Per recuperare il valore della materia, in pittura come in fotografia, è stato necessario rimuovere l’ostacolo ideologico di origine crociana, secondo cui in arte l’intuizione è tutt0, gli aspetti tecnici e pratici dell’opera non contano, e tanto meno contano i materiali di cui essa si compone. Il superamento di questo pregiudizio forse non ha proprio scatenato, ma certo ha consentito che l’attenzione degli artisti si rivolgesse alla materia non solo come elemento costitutivo non indifferente dell’opera d’arte, ma come fattore linguistico in sé e per sé autonomo e sufficiente, come fine e non solamente mezzo, se pur privilegiato.

Le "materie" di alcuni fotografi si sono perciò potute caricare di significati, riuscendo a trascendere il mero fatto compositivo, il puro gioco grafico; e l’astrazione, a cui un frammento di materia tende naturalmente, diventa concretezza, sostanza, contenuto.

E’ stato così per gli asfalti neri di Paolo Monti, per i suoi muri scrostati di Milano e di Venezia del dopoguerra; ed è così per queste "Terre" di Millozzi in cui si aggiunge la dimensione del colore, un fattore in più, anzi, per il modo in cui viene usato, un valore in più di particolare efficacia, narrativa ed espressiva insieme. Narrativa, perché nel mutare di questi colori nella ricchezza e varietà, monocorde, delle 35 immagini, rintracciamo la storia di una vita che si spegne, che si distrugge. Espressiva perché i colori caricano questa storia di un pathos doloroso e drammatico. Un colore dunque non semplicemente naturalistico, ma neppure proposto in termini solo simbolici, usato invece, forse nel nostro caso sarebbe meglio dire: scelto, immagine per immagine, per comunicare in maniera diretta l’azione delle sostanze chimiche che, anno dopo anno, corrompono e corrodono.
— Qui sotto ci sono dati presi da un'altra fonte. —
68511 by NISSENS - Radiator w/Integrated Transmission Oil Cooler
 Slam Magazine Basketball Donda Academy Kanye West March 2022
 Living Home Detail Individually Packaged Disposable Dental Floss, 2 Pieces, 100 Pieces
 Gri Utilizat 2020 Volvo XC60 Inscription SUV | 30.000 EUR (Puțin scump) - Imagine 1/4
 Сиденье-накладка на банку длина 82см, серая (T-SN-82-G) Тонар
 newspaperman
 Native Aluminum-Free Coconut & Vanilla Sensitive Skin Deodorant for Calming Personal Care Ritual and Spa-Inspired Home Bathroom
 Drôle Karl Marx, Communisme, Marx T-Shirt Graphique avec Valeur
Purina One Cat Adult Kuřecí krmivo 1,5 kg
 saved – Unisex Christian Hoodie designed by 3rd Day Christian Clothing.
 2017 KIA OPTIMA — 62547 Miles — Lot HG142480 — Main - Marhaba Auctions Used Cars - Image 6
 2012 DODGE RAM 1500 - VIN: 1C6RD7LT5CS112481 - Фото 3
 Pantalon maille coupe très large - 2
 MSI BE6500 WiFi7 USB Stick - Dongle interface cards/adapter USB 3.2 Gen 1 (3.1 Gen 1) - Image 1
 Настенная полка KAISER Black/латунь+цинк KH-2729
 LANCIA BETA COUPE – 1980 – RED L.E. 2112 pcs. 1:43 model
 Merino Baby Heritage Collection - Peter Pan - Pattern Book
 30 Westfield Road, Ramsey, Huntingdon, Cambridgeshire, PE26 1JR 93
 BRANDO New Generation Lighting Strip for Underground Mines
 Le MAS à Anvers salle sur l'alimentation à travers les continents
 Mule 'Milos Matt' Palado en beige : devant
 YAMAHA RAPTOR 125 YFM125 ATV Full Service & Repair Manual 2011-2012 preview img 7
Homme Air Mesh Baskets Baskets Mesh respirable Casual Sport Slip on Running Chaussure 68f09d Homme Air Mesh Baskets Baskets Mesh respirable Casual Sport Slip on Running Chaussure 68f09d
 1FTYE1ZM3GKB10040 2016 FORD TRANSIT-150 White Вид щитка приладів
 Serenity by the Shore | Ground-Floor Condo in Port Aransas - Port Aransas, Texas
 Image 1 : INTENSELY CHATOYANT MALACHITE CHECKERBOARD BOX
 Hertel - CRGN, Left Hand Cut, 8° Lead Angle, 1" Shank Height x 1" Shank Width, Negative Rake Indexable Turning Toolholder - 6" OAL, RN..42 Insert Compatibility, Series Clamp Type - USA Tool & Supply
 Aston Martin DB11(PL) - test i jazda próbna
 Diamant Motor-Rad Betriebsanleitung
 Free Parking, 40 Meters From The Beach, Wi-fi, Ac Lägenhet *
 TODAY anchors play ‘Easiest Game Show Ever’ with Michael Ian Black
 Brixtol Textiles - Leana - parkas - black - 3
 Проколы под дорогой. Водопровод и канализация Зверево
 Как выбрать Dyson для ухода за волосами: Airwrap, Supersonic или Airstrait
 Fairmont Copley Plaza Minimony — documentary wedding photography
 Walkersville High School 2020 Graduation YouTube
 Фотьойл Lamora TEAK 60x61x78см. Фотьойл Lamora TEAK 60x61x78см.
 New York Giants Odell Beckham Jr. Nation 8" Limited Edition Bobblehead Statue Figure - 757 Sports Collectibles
Anche questo filone di ricerca - l’inquinamento e la sua denuncia – ha trovato da noi validi, ma non moltissimi, interpreti, e a Millozzi per queste "Terre" occorre riconoscere il merito di toccare, senza ricorrere a facili, superficiali e scontate registrazioni di dati evidenti ma generici, questo settore di piena attualità.

Se per concludere si volessero indicare le qualità "linguistiche" essenziali che fanno di queste fotografie un lavoro che si impone all’attenzione dei critici e dei fotografi, come del resto è avvenuto a Caorle, si potrebbe dire brevemente che la tecnica, pur presente in modo adeguato per conferire peso espressivo e funzione narrativa alla immagini, non prevarica mai tuttavia sull’elemento visivo (non si fa cioè del tecnicismo fine a sé stesso, come, in casi come questo, si sarebbe pur tentati di fare); gli elementi formali – resa della materia, rapporto fra i colori della stessa immagine, succedersi dei toni tra fotografia e fotografia, uso dei simboli (il topo, l’erba che si ritrae, la spaccatura nel terreno) - sono i segni stessi che si fanno significato; l’invenzione, o come oggi si preferisce dire: la creatività, non è attinta alle sfere dell’inverosimile e dell’assurdo, ma è il risultato di un incontro di componenti note, secondo un’originale (è qui che sta il momento creativo) visione.